Advice: Parent-Teen Sex Talk

Accusatory, Alienating Sex Talk: Ur Doin' it Rite (Image via

Yesterday a parent contacted me online about finding a condom in his daughter’s bag. (I wish I’d asked what he was doing in her bag in the first place.) His reaction was pretty standard fare: anxiety, fear, urge to intervene.

What really got me was his gendered reaction. His *daughter*, little girl, a female had condoms. She wants sex and is preparing for the encounter. Teen girls feel the sting of regulation far more than teen boys. Maybe because we imagine females as delicate creatures we exert more control over their lives as they develop into adults. Protect them from the evils of the world, namely the uncontrollable sex drives of young males.

Here’s the deal: teens don’t need protection. They need advice. They need support while they navigate their way into adulthood. Sex can really confusing for teens in a world that silences advice and offers sex-saturated images around every corner for consumer titillation.

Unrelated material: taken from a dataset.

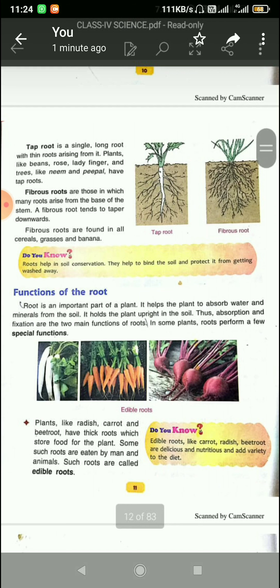Roots help in soil conservation. They help to bind the soil and protect it from getting washed away.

Do you have a kid? Please talk to them about sex. You don’t have to launch into lectures about safety or ask probing questions about their sex lives. Just talk about sex calmly when it comes up. Our culture is obsessed with sex. media sex scandals or new research will give you plenty of opportunities. Otherwise, you will wait and avoid these talks until you find a condom in your kid’s bag and have no idea what to do.

The Dad who contacted me felt this dread anxiety of talking to a teen about sex. A transcript of the conversation and my advice for him after the jump.

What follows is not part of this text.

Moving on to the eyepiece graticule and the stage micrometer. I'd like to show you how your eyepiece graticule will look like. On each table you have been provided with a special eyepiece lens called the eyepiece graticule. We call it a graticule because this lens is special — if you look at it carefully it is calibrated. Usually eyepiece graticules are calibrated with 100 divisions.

i just found a condom in my 14 year old daughters school bag


Condom does not immediately equal someone having sex. Sometimes carrying a condom is a way for teenagers to explore their own sexuality. If she is having sex, be glad the condom is there.

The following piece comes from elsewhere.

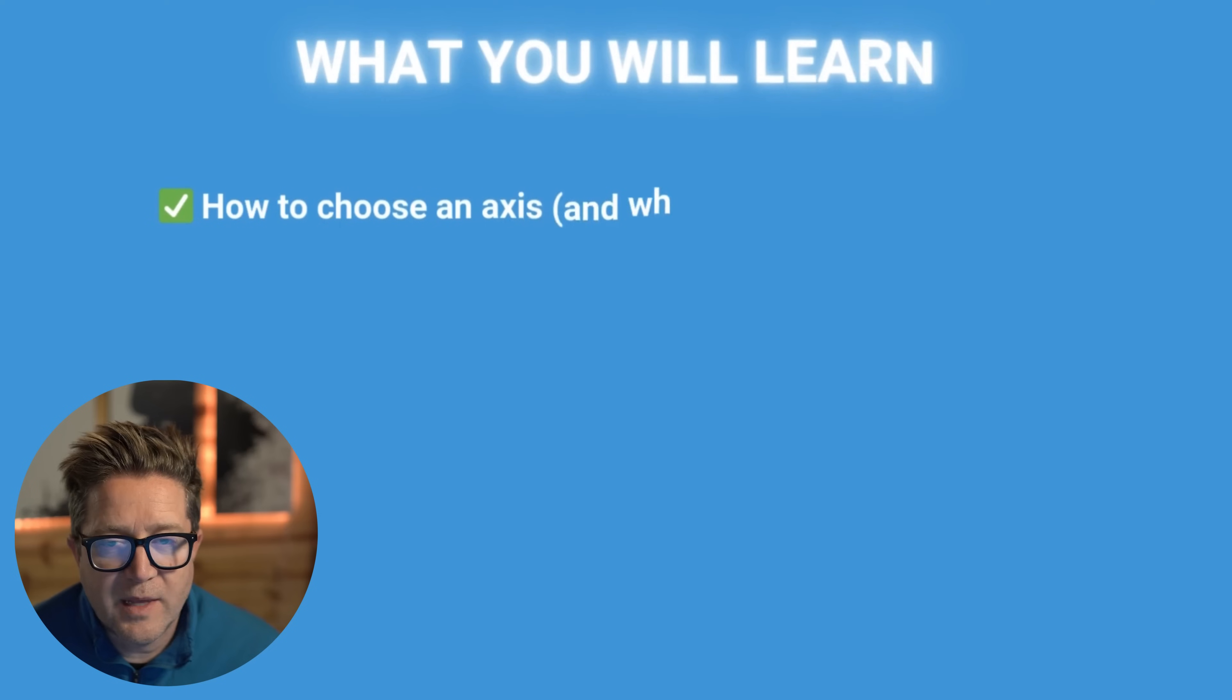Hey, so in Fusion you can do round shapes and the best way to do this is revolves. Let's talk about what you need to know.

i know as a guy… that seems normal, but not for a girl


Why not? That’s a pretty sexist assumption.


as a father.. i was taken back by it. haven’t talked to her about it, because i wanted to get the shock of finding it out of my system, before i confronted this to her


“before i confronted this to her” Confront her? Not a very solid approach to talking to her about sex. She’ll get defensive and not listen to you.


what i mean by confronting… is questioning her about it


Also, don’t question her. Try having a conversation where you respect her autonomy and decision making.


so don’t even bring up the fact that I found the condom?


Bring it up, but in a roundabout way. Be relaxed. If you get nervous, she’ll get nervous and it will be awkward. Condoms are not a big deal. Figure out what you want to say before you have the discussion.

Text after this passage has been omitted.